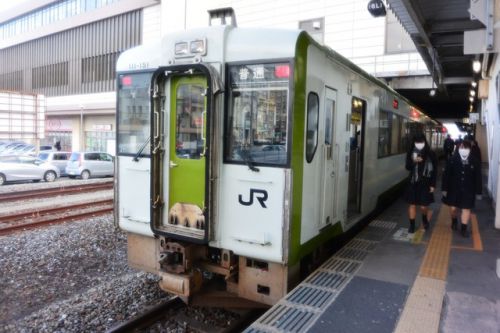 JR東日本キハ100系気動車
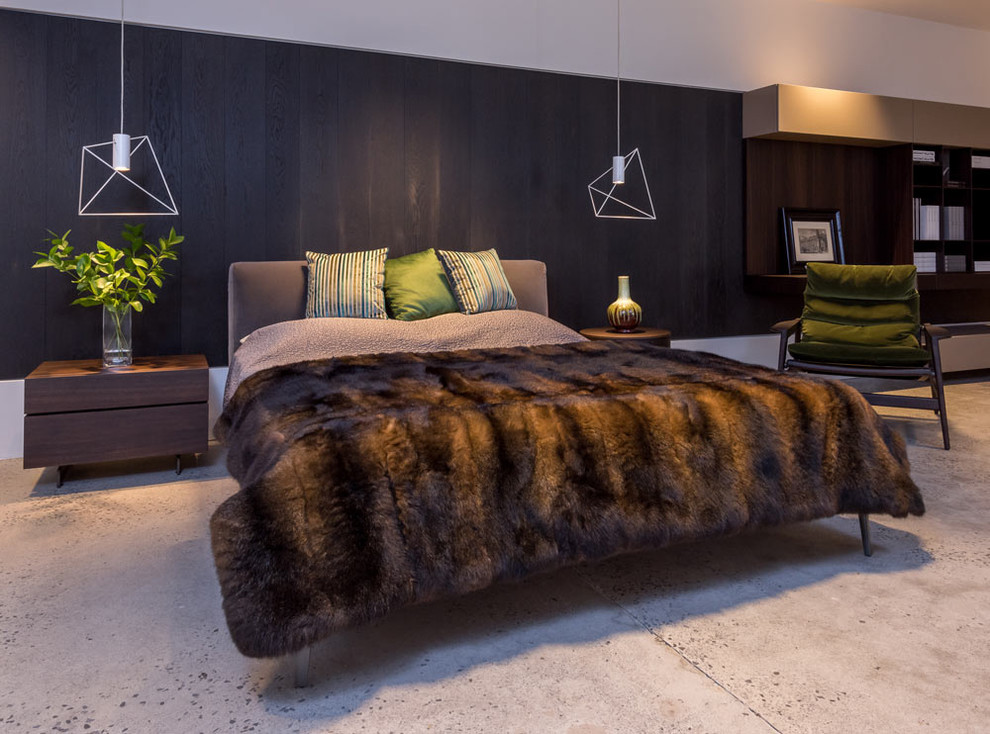 Geräumiges Modernes Hauptschlafzimmer mit schwarzer Wandfarbe, Betonboden, grauem Boden und Holzdielenwänden in Sydney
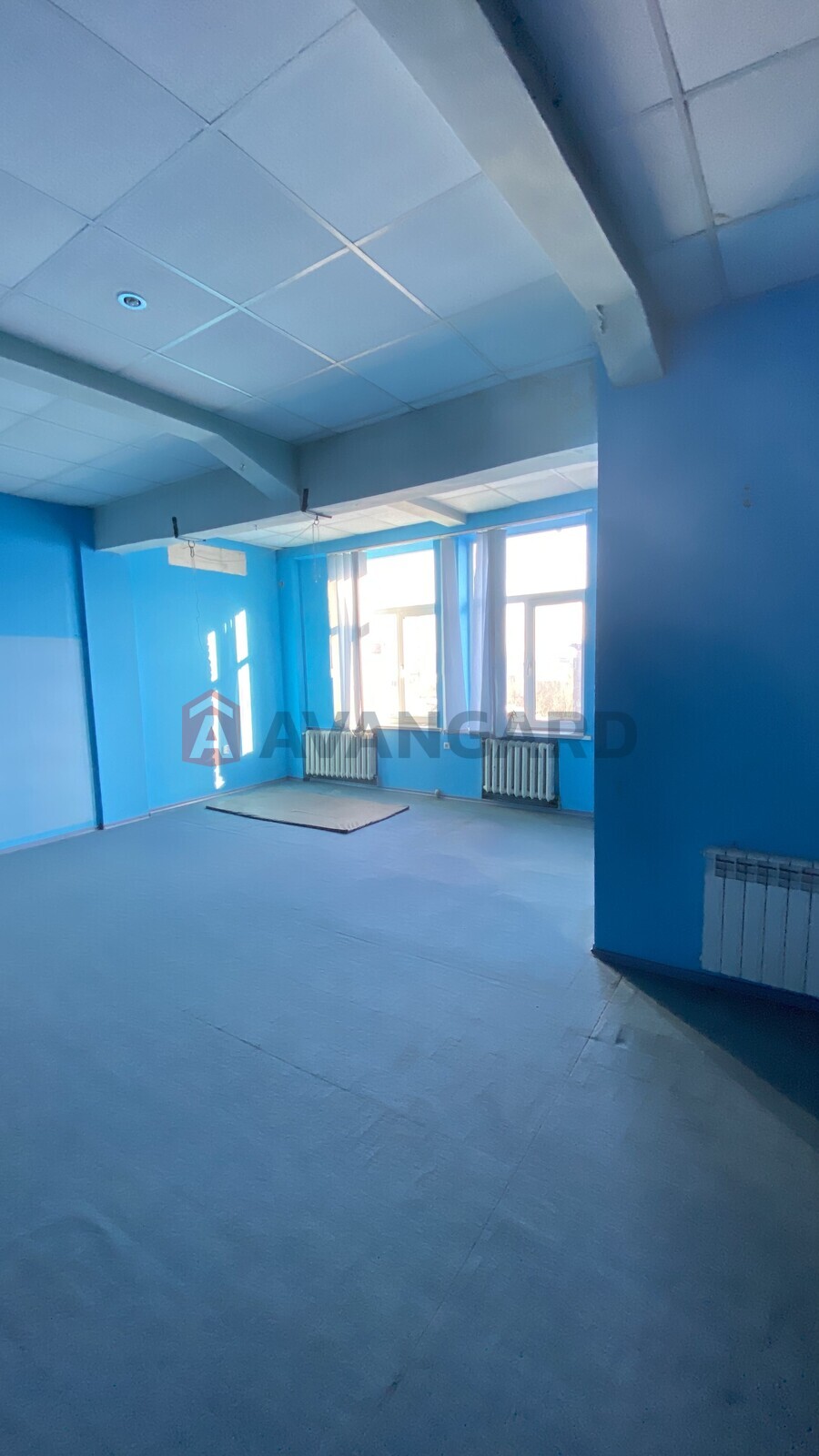 ����� ������, 100 ��.�. ���� 9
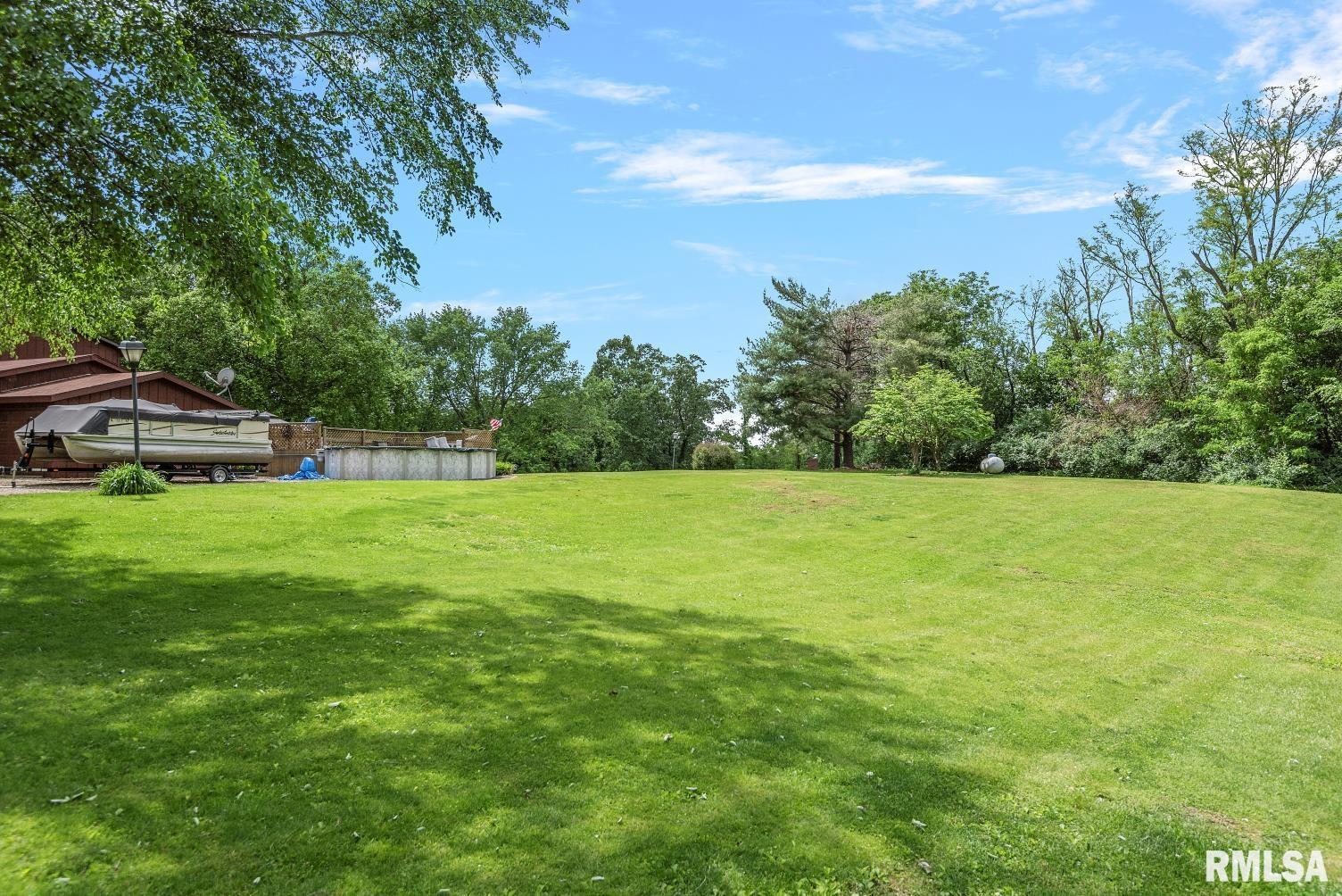 2242 Lake Jacksonville Road Jacksonville, IL 62650 - Photo 20 of 74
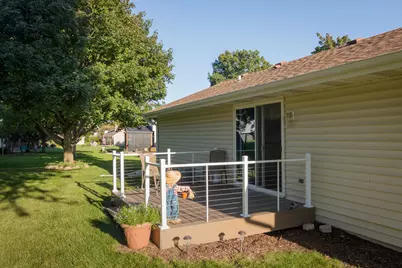 5616  Stonefield Rd, Hartford, WI 53086 - Photo 6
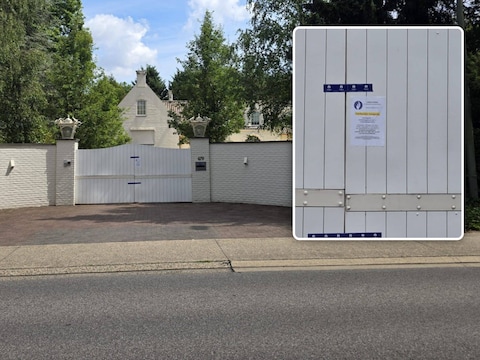 In deze villa in Maasmechelen werd het lichaam aangetroffen. Kleine foto: de villa is voorlopig verzegeld.
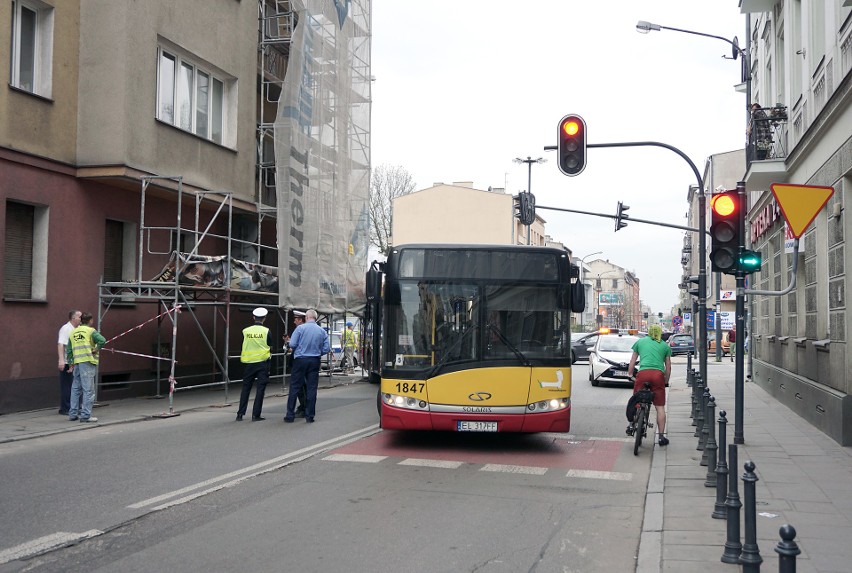 Autobus zahaczył o rusztowanie i stanął w poprzek ulicy! Nietypowa kolizja w centrum 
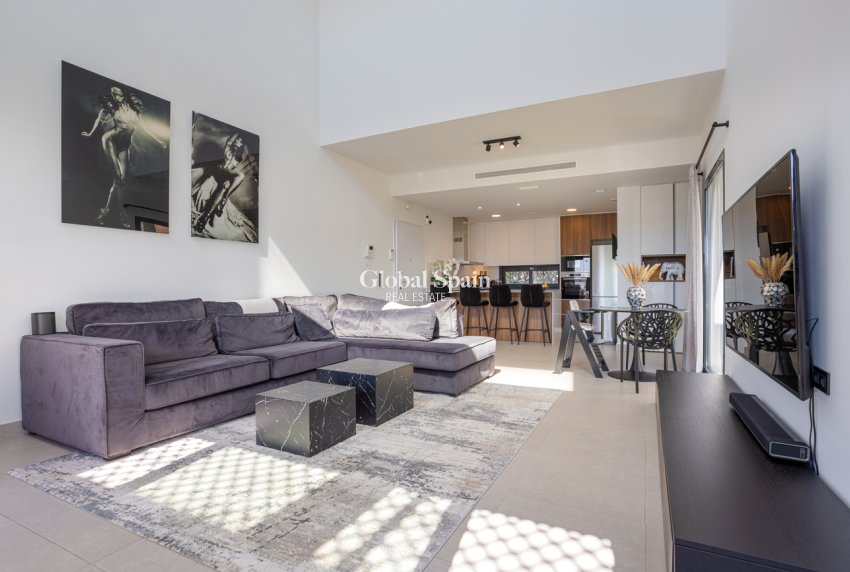 Venta - VILLA -
CIUDAD QUESADA - center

§ **WORK TO COMPLETE**
Repeat every entry exactly, but leave out the pictures.

§ **SOLVED PROBLEM**
 JR東日本キハ100系気動車
 Geräumiges Modernes Hauptschlafzimmer mit schwarzer Wandfarbe, Betonboden, grauem Boden und Holzdielenwänden in Sydney
 ����� ������, 100 ��.�. ���� 9
 2242 Lake Jacksonville Road Jacksonville, IL 62650 - Photo 20 of 74
 5616  Stonefield Rd, Hartford, WI 53086 - Photo 6
 In deze villa in Maasmechelen werd het lichaam aangetroffen. Kleine foto: de villa is voorlopig verzegeld.
 Autobus zahaczył o rusztowanie i stanął w poprzek ulicy! Nietypowa kolizja w centrum 
 Venta - VILLA -
CIUDAD QUESADA - center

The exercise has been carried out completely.